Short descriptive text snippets
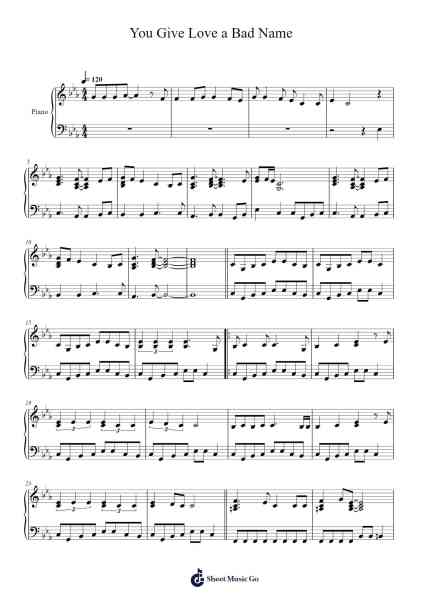 You Give Love a Bad Name Sheet Music by Jon Bon Jovi-Arr.Tessice Irvan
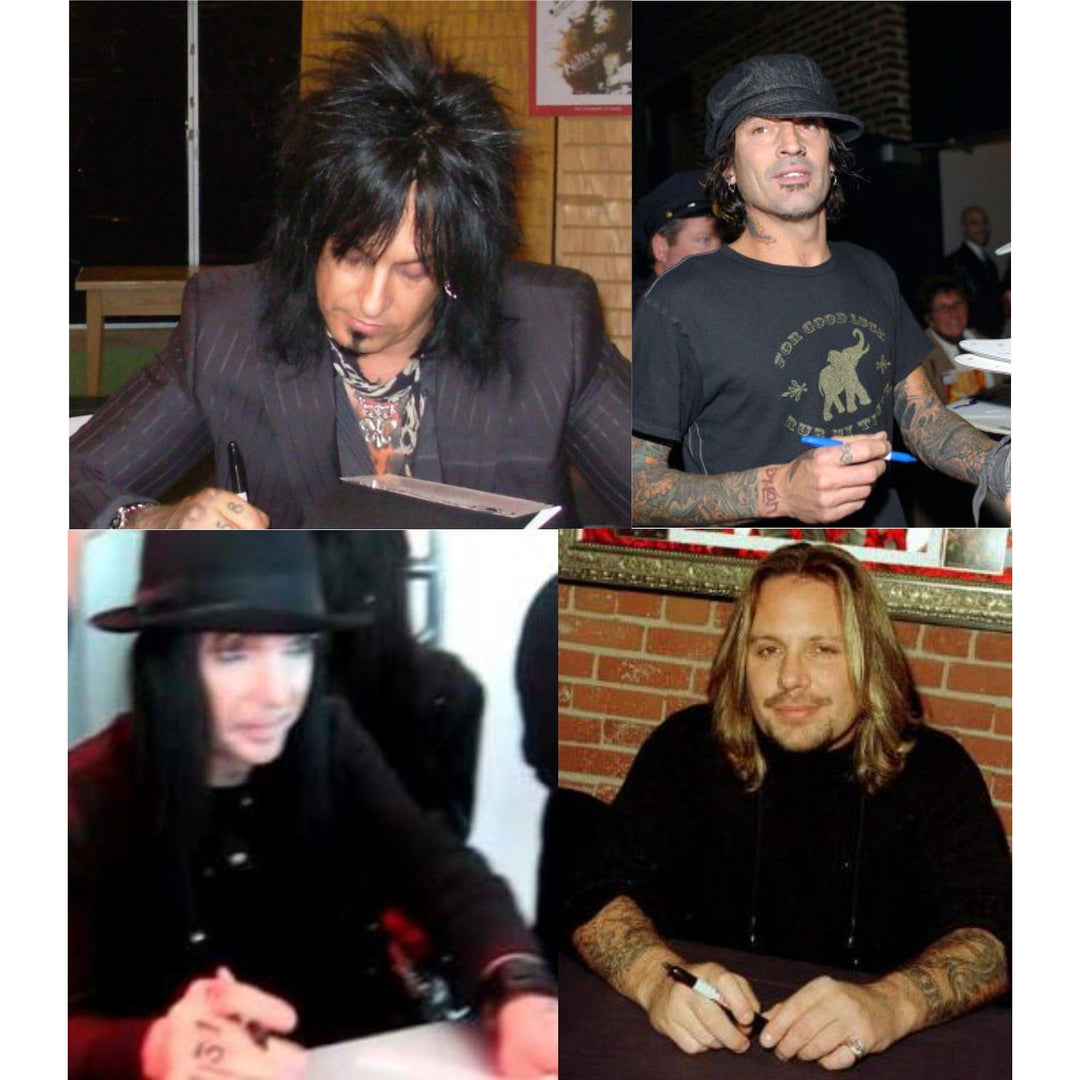Motley Crue, Tommy Lee, Mick Mars, Nixxi Sixx, Vince Neal, Fender Stratocaster Squier electric guitar signed with proof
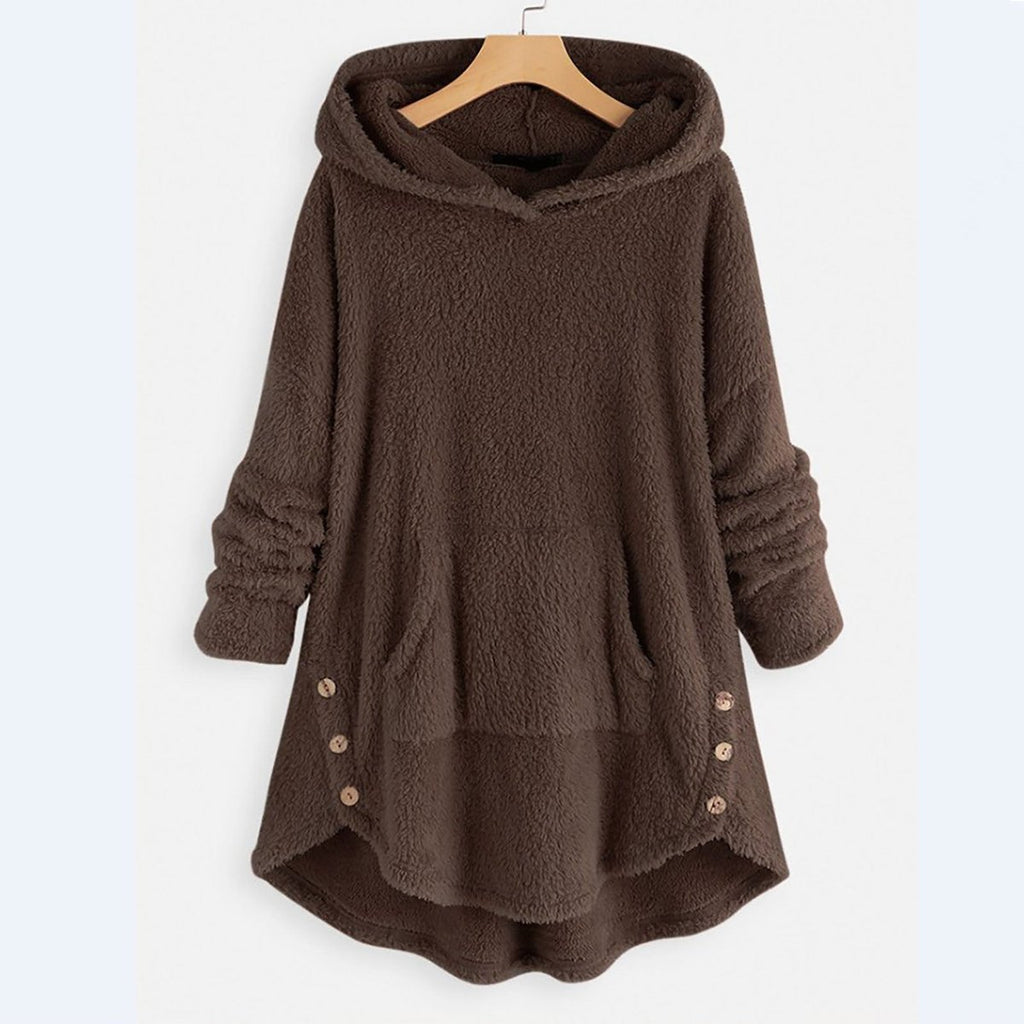 Women's Fleece Zip-Up Hooded Sweater Cat Pocket Plush Coat - Brown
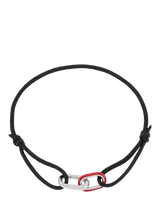 John Lewis BARTLETT LONDON Men's Double Link Cord Bracelet, Silver- Buy online at McGrocer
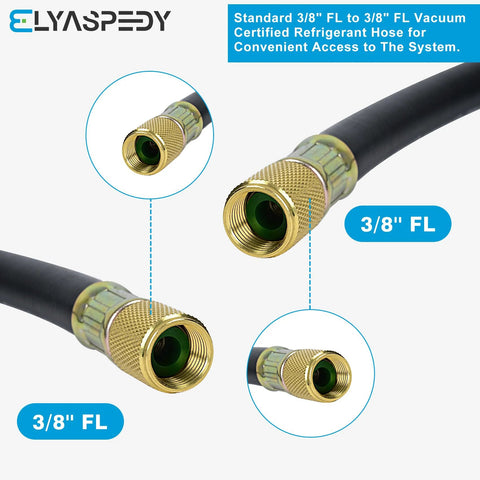 3/8-inch vacuum hose with brass 3/8 x 3/8 fittings, black, 5 ft.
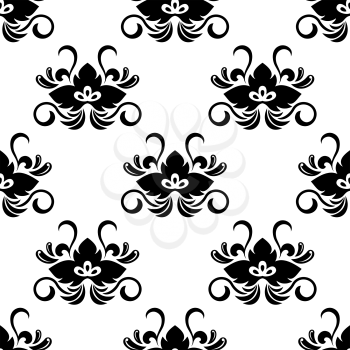 Seamless black floral arabesque pattern in damask style for wallpaper, tiles and fabric design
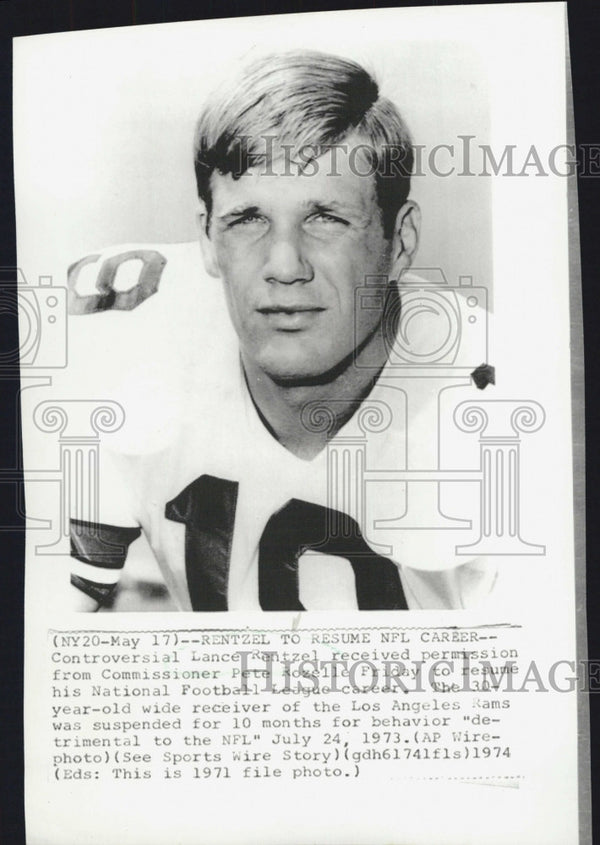 1971 Football Player Lance Rentzel Los Angeles Rams 1974 Vintage Press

→ Exercise description
Beginning with the line that contains "John Lewis BARTLETT", repeat every remaining line of the data exactly, the last line included, and omit pictures.

→ Response area
 John Lewis BARTLETT LONDON Men's Double Link Cord Bracelet, Silver- Buy online at McGrocer
 3/8-inch vacuum hose with brass 3/8 x 3/8 fittings, black, 5 ft.
 Seamless black floral arabesque pattern in damask style for wallpaper, tiles and fabric design
 1971 Football Player Lance Rentzel Los Angeles Rams 1974 Vintage Press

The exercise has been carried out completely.